This is the backup notebook to make sure if the calculation order does not affect the convergence.

Stochastic approximation demo.

This notebook briefly shows how stochastic approximation works.

Keisuke Fujii 7th Oct. 2016

We show

  • Simple regression, that can be done also by usual Gaussian Process.
  • Regression with non-Gaussian likelihood.

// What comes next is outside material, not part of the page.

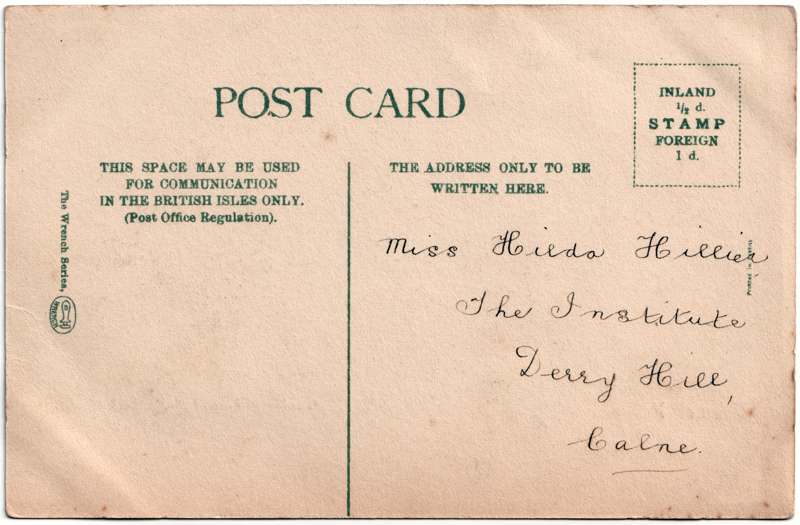 The reverse of an old postcard. The postcard is of Abingdon: The Bridge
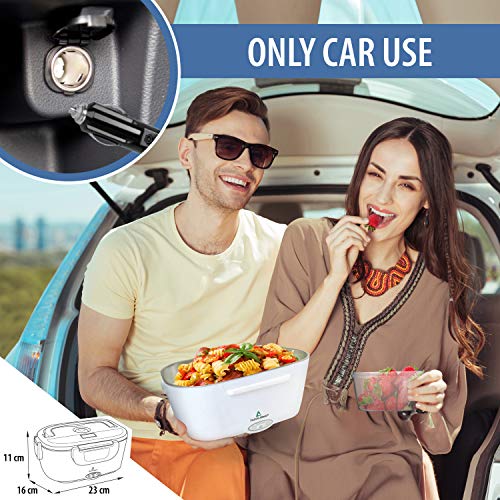 TRAVELISIMO Fiambrera Electrica para Coche 12V, Calienta Comida en Minutos, Fiambrera Termica Termo Comida Caliente Acero Inoxidable 1.5L 40W, Tartera Electrica Portatil Tenedor Cuchillo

Import several libraries including GPinv


In [1]:
import numpy as np
%matplotlib inline
import matplotlib.pyplot as plt

import tensorflow as tf
# Import GPinv
import GPinv
# Import GPflow as comparison
import GPflow

# import graphical things
import seaborn as sns

sns.set_context('poster')
sns.set_style('ticks')
import matplotlib
fontprop = matplotlib.font_manager.FontProperties(fname="/usr/share/fonts/truetype/ttf-dejavu//")
matplotlib.rcParams['mathtext.fontset'] = 'custom'
matplotlib.rcParams['mathtext.rm'] = 'DejaVu Sans'
matplotlib.rcParams['mathtext.it'] = 'DejaVu Sans:italic'
matplotlib.rcParams['mathtext.bf'] = 'DejaVu Sans:bold'

current_palette = sns.color_palette()

Make random generator static


In [2]:
rng = np.random.RandomState(0)

Simple regression

Synthetic data


In [3]:
X = np.linspace(0,6,40).reshape(-1,1)
Y = np.sin(X) + rng.randn(40,1)*0.3

GPflow.gpr.GPR


In [4]:
m_gpflow = GPflow.gpr.GPR(X, Y, GPflow.kernels.RBF(1))
rslt = m_gpflow.optimize()
rslt


Out[4]:
      fun: 19.49947035345194
 hess_inv: <3x3 LbfgsInvHessProduct with dtype=float64>
      jac: array([ -3.78487235e-06,   9.04234859e-07,  -2.35666935e-07])
  message: b'CONVERGENCE: NORM_OF_PROJECTED_GRADIENT_<=_PGTOL'
     nfev: 16
      nit: 11
   status: 0
  success: True
        x: array([ 1.36444855, -0.21198308, -2.20949039])

In [5]:
X_new = np.linspace(-0.1,6.1,40).reshape(-1,1)
f_mu, f_var = m_gpflow.predict_f(X_new)

In [6]:
plt.figure(figsize=(5,3))
plt.fill_between(X_new.flatten(), (f_mu+2*np.sqrt(f_var)).flatten(), (f_mu-2*np.sqrt(f_var)).flatten(), alpha=0.5)
plt.plot(X_new, f_mu)
plt.plot(X, Y, 'go', ms = 5)
plt.xlabel('x')
plt.ylabel('y')

sns.despine()
plt.savefig('figs/simple_regression.pdf')


GPinv.stvgp

In GPinv, we need custom likelihood, where at least the conditional likelihood of the data (logp) is specified.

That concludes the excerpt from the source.